### +Maths teaching course for teachers and parents

“Somehow, it’s okay for people to chuckle about not being good at math. Yet, if I said, “I never learned to read,” they’d say I was an illiterate dolt.”

-Neil deGrasse Tyson, American astrophysicist and author

(Reposted from the GenWise Substack. Find more fascinating blogs here: __https://genwise.substack.com/____)__

Some years ago, our team was talking to students in a school about their favourite subjects when one child piped in saying, “I love studying Maths because I have to remember less! In other subjects, I have to remember so many things”. We thought this was such a great insight from the perspective of a child! We believe that every child can and should feel this way about Maths. In our work on training Maths teachers, we have started to see this happen- when the teacher understands and teaches Maths in a particular way, almost all children start seeing the connections, making learning Maths much easier and more fun.

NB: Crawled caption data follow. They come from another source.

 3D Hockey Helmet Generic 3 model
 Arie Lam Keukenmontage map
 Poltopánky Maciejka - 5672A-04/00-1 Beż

In this post, GenWise mentors, Sowmya Jatesan and Jayasree Subramanian, share their thoughts on what needs to change about Maths teaching to make this happen. They also share details of our upcoming online course on teaching Maths this way- **the course is open to schoolteachers as well as parents who are interested in teaching Maths. **Details of the course are available here and those interested can register here.

There is one batch targeting grades 3-5 and another batch targeting grades 6-8. *If you have any queries, you can contact Sowmya on **sowmya@genwise.in** or +91-9606810163.*

The video below shares one example of how Maths learning can be easier and make sense. We share another example in detail in the main post.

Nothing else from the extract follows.